第74回 長谷川櫂『震災歌集』

人々の嘆きみちみつるみちのくを心してゆけ桜前線
               長谷川櫂『震災歌集』
 東日本を襲った大震災の直後から、新聞歌壇やインターネットには震災短歌が多く寄せられた。大きな出来事は人の心を動かし、心の動きが歌を生み出す。関東大震災の時にも震災短歌が生まれ、先の大戦の後にも戦争短歌や原爆短歌が生まれた。それは歌の生理からして自然な成り行きだろう。
 俳人の長谷川櫂が歌集『震災歌集』を緊急出版した。俳句と短歌の境界を越えて行き来する人はいなくはないが、今まで短歌を発表してこなかった俳人がいきなり歌集を出すのは異例だろう。震災の夜から荒々しいリズムで短歌が次々と湧き上がってきた、という述懐がまえがきに見える。なぜ俳句ではなく短歌だったのだろう。本書は慟哭と憤怒の書である。大きな出来事に遭遇して嘆き悲しみ、事に当たった指導者たちの不手際や無能を目の当たりにした著者は、体温が上がったのだ。体温が上昇したときに俳句は作れない。俳句は低体温の文芸だからである。普段より赤みを増した血液が動脈をドクドクと打つときには、短歌という詩型が召喚される。俳句は言葉を手裏剣のように的に当てる片道通行の文芸だが、短歌は虚空に投げ出した言葉がブーメランのように弧を描き、手許に戻って自分の心を反照する文芸である。震災の夜に長谷川のなかに短歌が溢れ出たのは、このような経緯によるものではないだろうか。

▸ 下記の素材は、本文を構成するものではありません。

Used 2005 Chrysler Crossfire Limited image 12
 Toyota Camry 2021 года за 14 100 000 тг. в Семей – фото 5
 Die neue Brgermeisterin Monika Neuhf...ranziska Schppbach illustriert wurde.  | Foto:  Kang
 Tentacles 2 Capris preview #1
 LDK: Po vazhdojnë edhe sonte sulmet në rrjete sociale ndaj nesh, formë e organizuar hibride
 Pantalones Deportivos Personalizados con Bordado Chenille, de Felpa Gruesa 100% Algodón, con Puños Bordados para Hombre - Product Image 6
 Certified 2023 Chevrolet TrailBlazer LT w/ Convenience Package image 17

津波とは波かとばかり思ひしがさにあらず横ざまにたけりくるふ瀑布
夢ならず大き津波の襲ひきて泣き叫ぶもの波のまにまに
乳飲み子を抱きしめしまま溺れたる若き母をみつ昼のうつつに
かりそめに死者二万人などといふなかれ親あり子ありはらからあるを
夥しき死者を焼くべき焼き場さへ流されてしまひぬといふ町長の嘆き
 歌集冒頭から引いた。日本人のみならず世界の人が息を呑み、涙に打ち震えたあの光景を、長谷川は雅語を交えた文語定型のなかに定着している。長谷川は単に自らの嘆きと怒りを歌にぶつけたのではあるまい。ここには未曾有の惨事を記録して後世に伝えようという意思が感じられる。そのことは著者が、「死ねる子を箱におさめて親の名をねんごろに書きて路に捨ててあり」という窪田空穂の震災短歌を集中で引用していることからも推察される。このことは『震災歌集』という直截なネーミングを見てもわかるだろう。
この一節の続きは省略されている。